Bell’s palsy is a paralysis of the facial muscles. This is due to a disorder of the facial nerve. This nerve is responsible, among other things, for controlling the muscles involved in facial expression. In addition, this nerve is also important in tasting taste on certain parts of the tongue.
The nerve runs through a narrow and long canal in the skull, past the internal auditory organ, the middle ear and finally through the parotid gland. If the nerve swells, there will be insufficient space in the canal and it could become damaged.
How do you get it?
To date, it has not yet been proven, or at least not determined with certainty, what causes Bell’s palsy. The herpes simplex virus type 1 is believed to play a role. This same virus is also responsible for cold sores. Usually you have been carrying it with you for some time without knowing it. It often turns at a certain unexpected moment, possibly after a stressful situation or sometimes after major temperature changes. This can cause inflammation in the facial nerve. This will cause the nerve to swell and cause loss of function.

Other reasons for facial nerve function loss include:

  • inflammation in the middle ear;
  • damage due to an accident or operation;
  • Lyme disease, in which the Borrellia Burgdorferi bacterium is transmitted by a tick;
  • an inflammation caused by the herpes zoster virus (shingles);
  • a tumor pressing on the nerve.



Bell’s palsy involves sudden paralysis or weakness on one side of the face. This can happen at a very unexpected moment, so that some people wake up with it even though nothing had been noticed on their face the night before. Some people have pain in and around the ear for one or two days before symptoms occur.

Symptoms include:

  • a crooked face. The corner of the mouth hangs down slightly on the affected side. This hinders speaking and swallowing. Because the healthy angle moves normally, the condition is most noticeable when laughing and talking.
  • the eye on the affected side is wide open and it is not possible to close it completely.
  • sometimes pain is experienced behind or in front of the ear on the affected side;
  • sometimes the taste is reduced at the front of the tongue.

The damage can be complete or localized. With partial paralysis, the facial muscles are still able to move somewhat. However, partial paralysis can still develop into complete facial paralysis after a few days. Although the tight and contorted facial expression often disappears after a while, the risk of a permanent deformity remains.


The diagnosis of Bell’s palsy is based on the patient’s history and is followed by a clinical examination by the ENT (Ear, Nose and Throat). Other matters must first be completely ruled out and that is why additional research is often carried out. This may involve counting the number of blood cells to a CT scan of the head.

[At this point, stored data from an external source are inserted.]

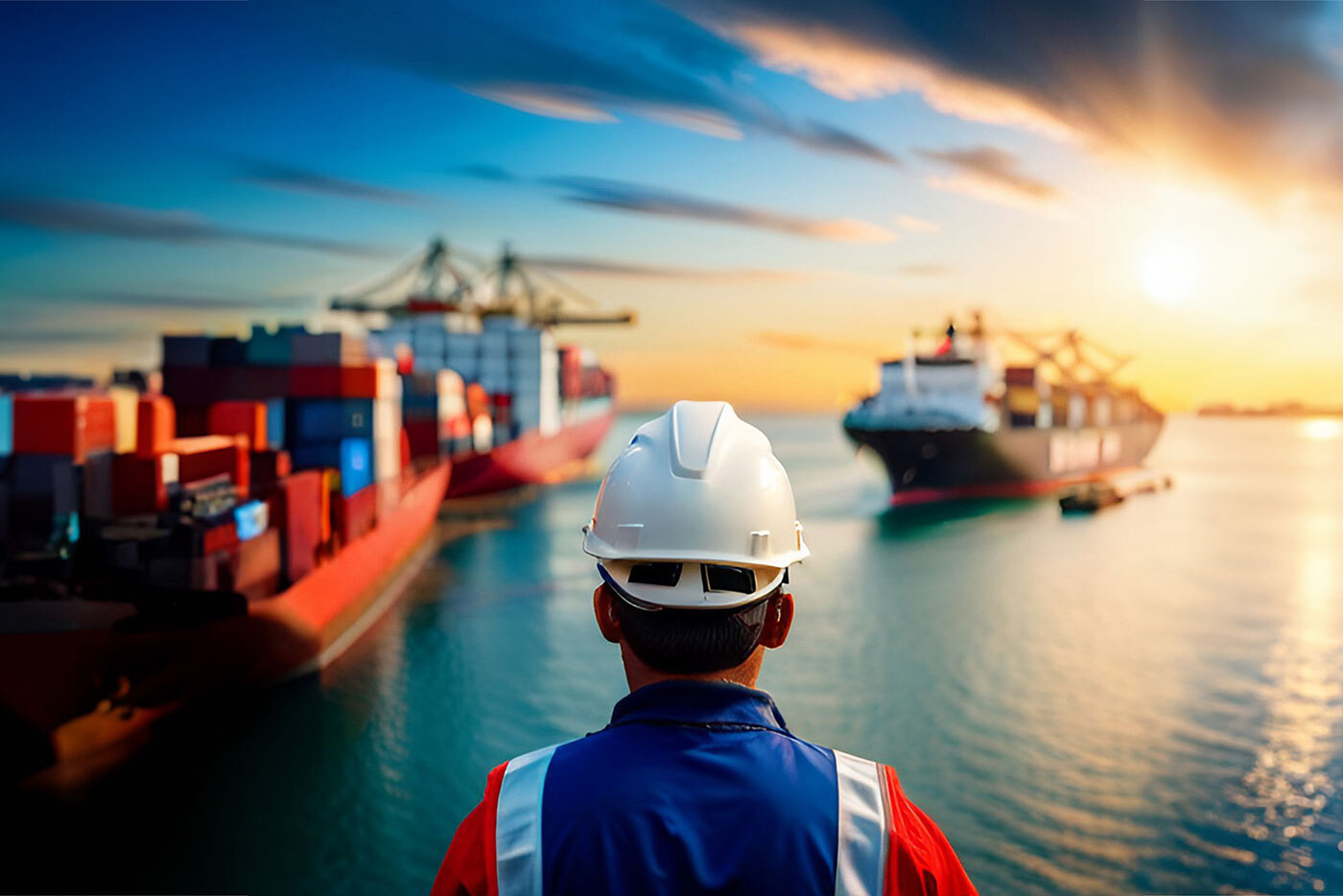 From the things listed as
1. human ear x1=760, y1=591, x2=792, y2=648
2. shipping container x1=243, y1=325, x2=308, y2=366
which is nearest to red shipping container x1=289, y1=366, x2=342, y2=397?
shipping container x1=243, y1=325, x2=308, y2=366

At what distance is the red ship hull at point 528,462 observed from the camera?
3375 cm

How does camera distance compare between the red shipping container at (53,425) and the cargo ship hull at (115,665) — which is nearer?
the cargo ship hull at (115,665)

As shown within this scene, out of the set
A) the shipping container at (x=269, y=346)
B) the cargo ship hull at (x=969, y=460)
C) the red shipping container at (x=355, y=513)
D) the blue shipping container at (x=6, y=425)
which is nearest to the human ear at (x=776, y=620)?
the blue shipping container at (x=6, y=425)

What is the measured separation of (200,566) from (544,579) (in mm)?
10111

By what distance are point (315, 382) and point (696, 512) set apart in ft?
69.9

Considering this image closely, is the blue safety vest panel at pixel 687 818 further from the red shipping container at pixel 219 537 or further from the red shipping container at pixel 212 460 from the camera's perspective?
the red shipping container at pixel 212 460

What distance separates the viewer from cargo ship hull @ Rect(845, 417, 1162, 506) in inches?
1400

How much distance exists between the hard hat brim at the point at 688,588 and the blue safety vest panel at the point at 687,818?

Sometimes recovery is accelerated by using medicines such as prednisone and antiviral agents. If the eyes cannot be closed completely, drops or a gel are prescribed. At night, the eyes are taped up to prevent the cornea from drying out. If this does not go away, in some cases plastic surgery is used to prevent drying of the eye.
In addition, some patients benefit from physiotherapy, exercise therapy, speech therapy and/or occupational therapy.

Chance of recovery

About 70 to 80 percent of patients recover spontaneously within two to twelve weeks. However, in older cases with complete facial paralysis, the prognosis is much worse, it may go away partially or not at all and it remains a permanent disability.


Some possible complications include:

  • facial deformity;
  • damage to the eye;
  • prolonged twitching in the facial muscles or eyelids;
  • an abnormal or no taste perception.

In some cases, the facial nerve does not recover properly. As a result, unwanted movements may occur: the eye and closing when the mouth closes or lacrimation during salivation (crocodile tears). A small number of patients will later be confronted with Bell’s palsy again.